Un mois plus tôt, à un doigt d’un mandat de dépôt et après plus de 96 heures de garde à vue, suite à une plainte pour « détournement de deniers pu¬blics, complicité de détournement de de¬niers publics, escroquerie portant sur des deniers publics, complicité d’escroquerie portant sur des deniers publics et accessoirement concussion », c’est un autre DG qui humait l’air de la liberté contre espèces non pas sonnantes mais « milliardesques ». Le patron de MTL, comprenez Maggal Holding Limited, a mis 1 milliard de FCfa sur la table pour bénéficier d’une liberté provisoire, en attendant le mois d’octobre prochain pour rallonger 550 autres millions de FCfa. Pour un détournement supposé de près de 4 milliards Cfa, ce n’est vraiment pas cher payé.
Ce n’est sans doute pas ce qu’en pense son « acolyte », l’ancien Dg de l’Artp qui, lui, est encore dans les termes de la tractation pour bénéficier d’une liberté provisoire. A ce rythme, il lui suffira alors de consentir à rajouter d’autres zéros sur le chéquier…
On pourrait, toute proportion gardée, ajouter à cette liste le cas Barthélémy Diaz qui bénéficie d’une liberté provisoire, en corrélation avec celui de Cheikh Bethio Thioune qui en cherche, tous deux étant supposés avoir commis meurtre et crime de sang. Mais là, le chéquier n’est sans doute pas la clé.

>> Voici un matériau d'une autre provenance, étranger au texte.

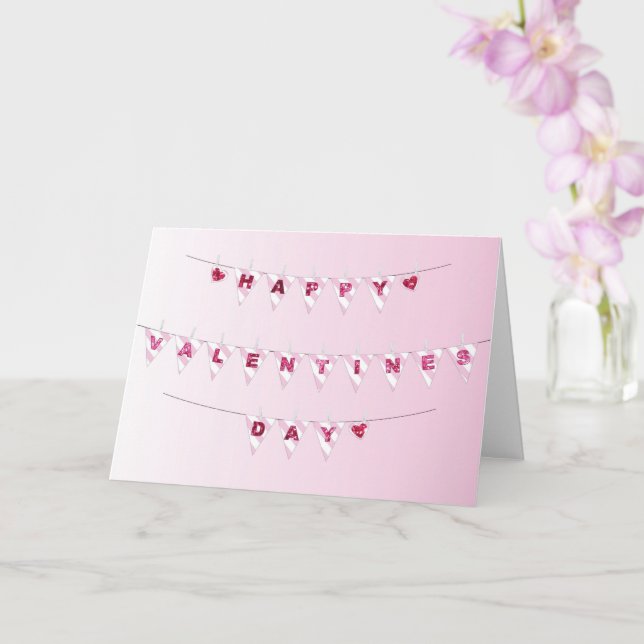 Alla hjärtans dag-Flaggor - Viktat hälsningskort Kort (Orkide)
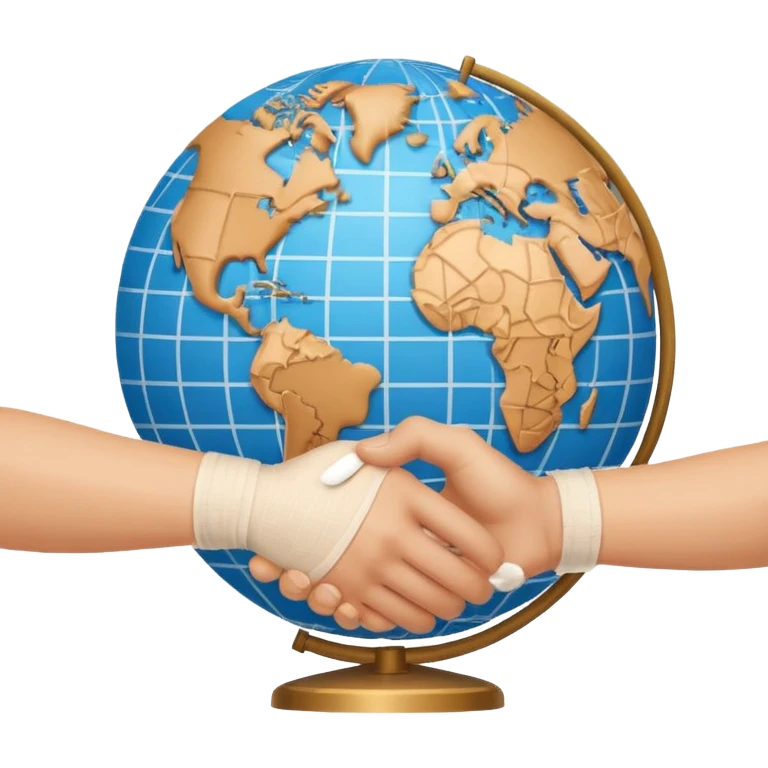 instead of two hands holding a globe, we have two hands handshaking in front of a globe. And in the background, we can see that the globe has a bandage or something. THE GLOBE HAS THE BANDAGE NOT THE HANDS emoji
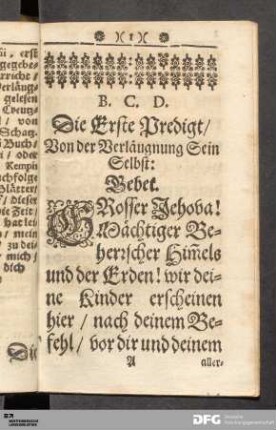 Die erste Predigt/ Von der Verläugnung Sein Selbst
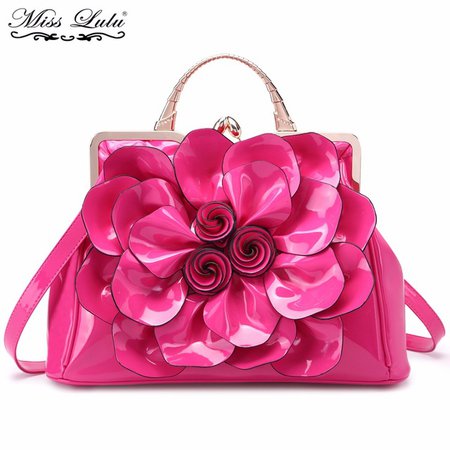 Miss-Lulu-Women-Designer-Floral-Handbag-Big-Flower-Female-Patent-Leather-Shoulder-Bag-High-Quality-Hot-Pink-Ladies-Tote-LG1754-MPAN78311-gzb0.jpg (640×640)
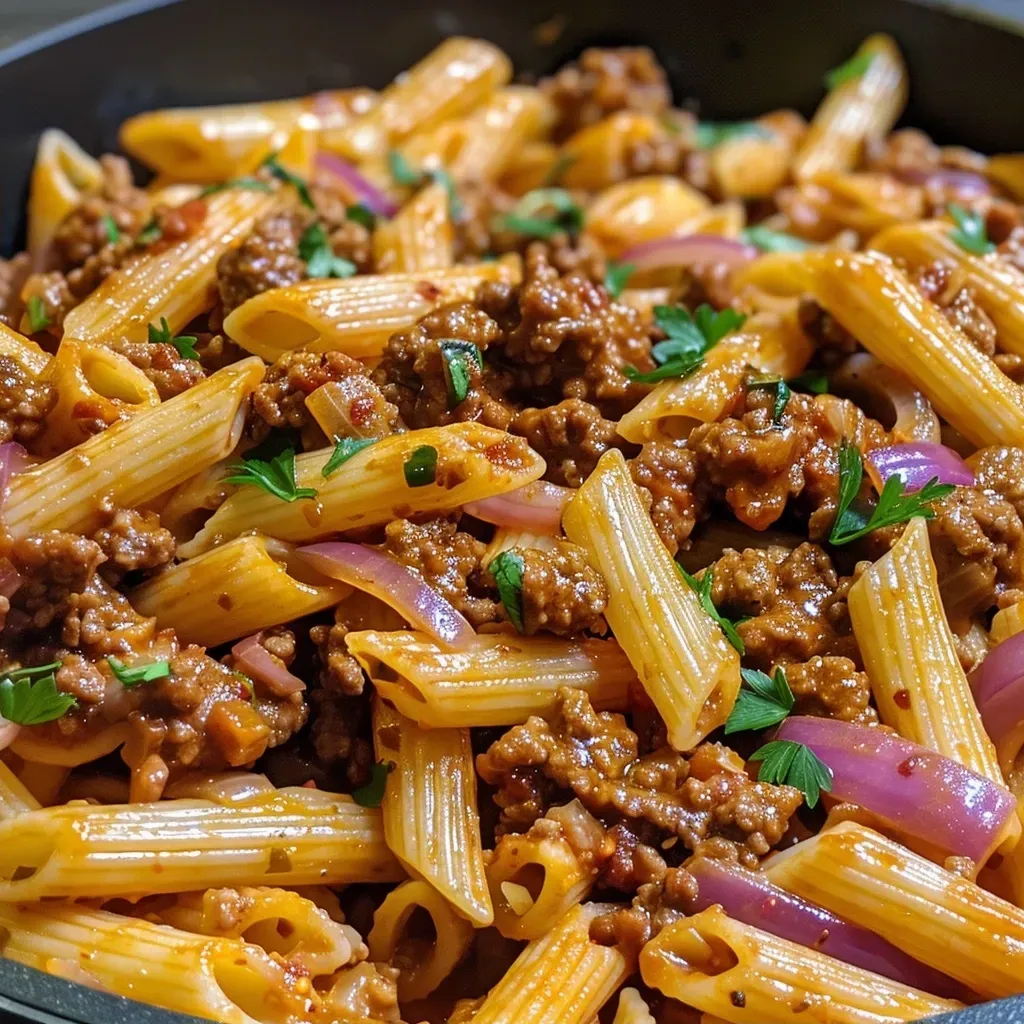 ['Close-up view of One Skillet Zesty Honey Chili Beef Pasta with vibrant colors and a rich sauce.', 'Juicy ground beef mixed with pasta, honey, and spices in a skillet, showcasing textures and freshness.', 'A flavorful One Skillet Zesty Honey Chili Beef Pasta dish with glistening honey glaze and colorful ingredients.', 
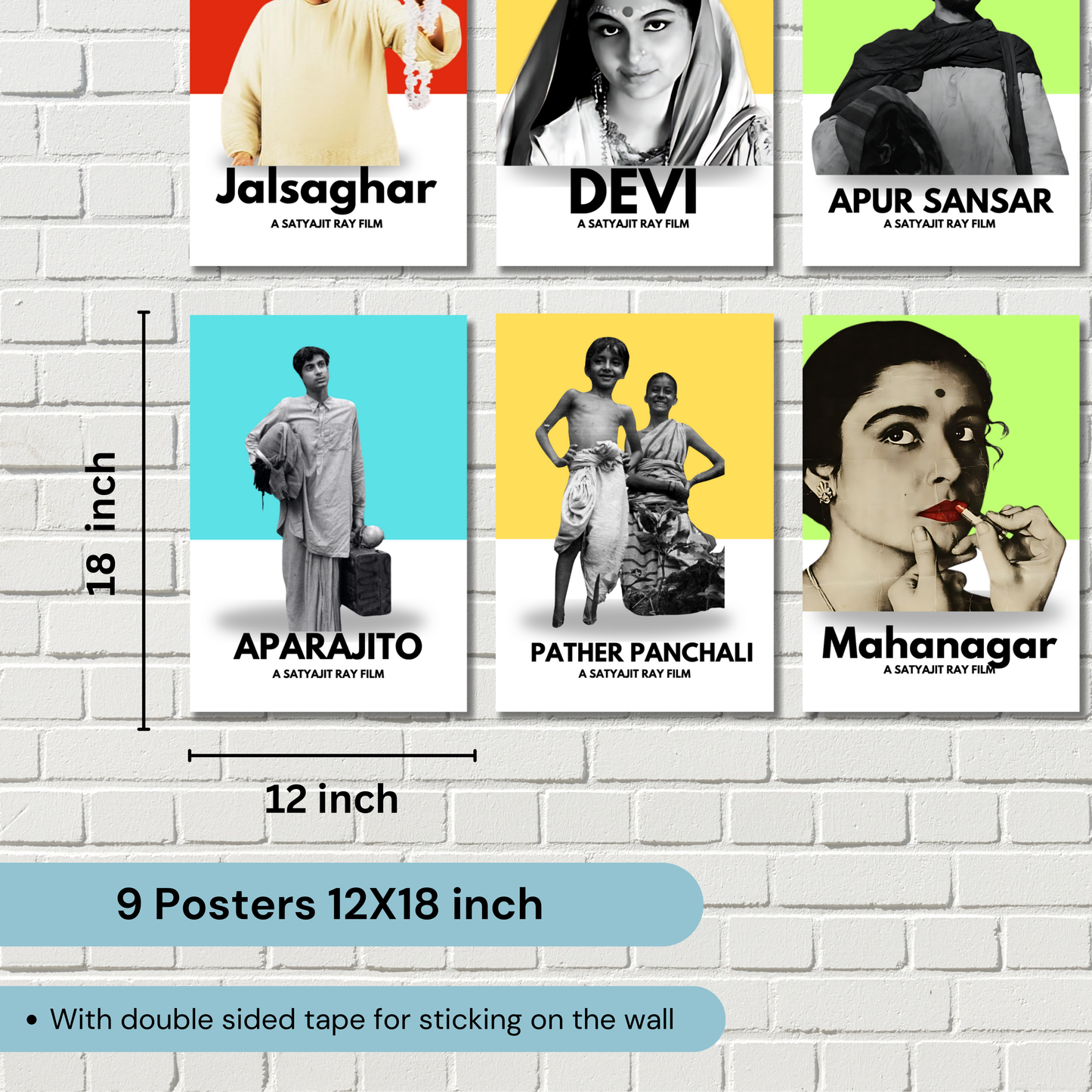 GOOD HOPE Satyajit Ray Movies Poster (set of 9) Classic Movies Pop Artwork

Le ballet incessant des « détourneurs » et le scénario trébuchant qui entoure leur remise en liberté font finalement penser à une farandole de stars bedonnantes, imbues de leurs chéquiers qui semblent être la seule cible des limiers de la finance publique. Où est la justice dans tout ça, surtout quand on sait que les sommes supposées être englouties sont sans commune mesure avec ce qui est sensé être récupéré? Le crime économique n’est cependant pas moins grave que le crime de sang, car si cela peut heurter la conscience de maintenir quelqu’un dans les liens de la détention sans aucune preuve de sa culpabilité, il l’est tout autant de monnayer sa liberté provisoire et de lui laisser toute chance d’effacer les traces de son crime.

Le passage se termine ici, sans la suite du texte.